=== What you have to do ===
Output only the stretch of the listing that starts at the line containing "Jacquard_Sheer_Vertical_Stripe_Eyelet_Door_Curtain" and ends at the line containing "Triptyque éco émaillé blanc 120 x 400 cm", reproduced exactly with both ends.

=== Exercise materials ===
*** Begin section ***
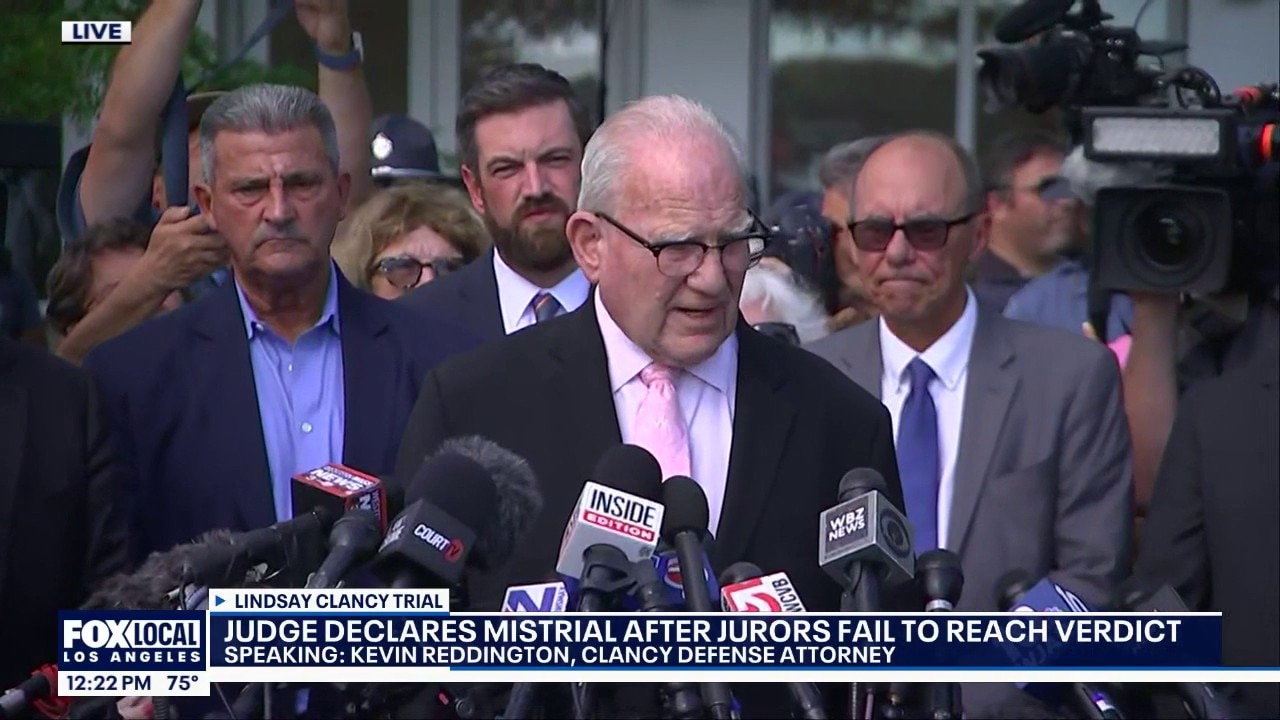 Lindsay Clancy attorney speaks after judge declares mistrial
*** End section ***
*** Begin section ***
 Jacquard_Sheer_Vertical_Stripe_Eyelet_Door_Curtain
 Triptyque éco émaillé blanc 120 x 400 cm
*** End section ***
*** Begin section ***
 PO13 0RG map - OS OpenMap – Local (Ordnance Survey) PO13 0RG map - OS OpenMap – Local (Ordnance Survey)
*** End section ***
=== Exercise result ===
 Jacquard_Sheer_Vertical_Stripe_Eyelet_Door_Curtain
 Triptyque éco émaillé blanc 120 x 400 cm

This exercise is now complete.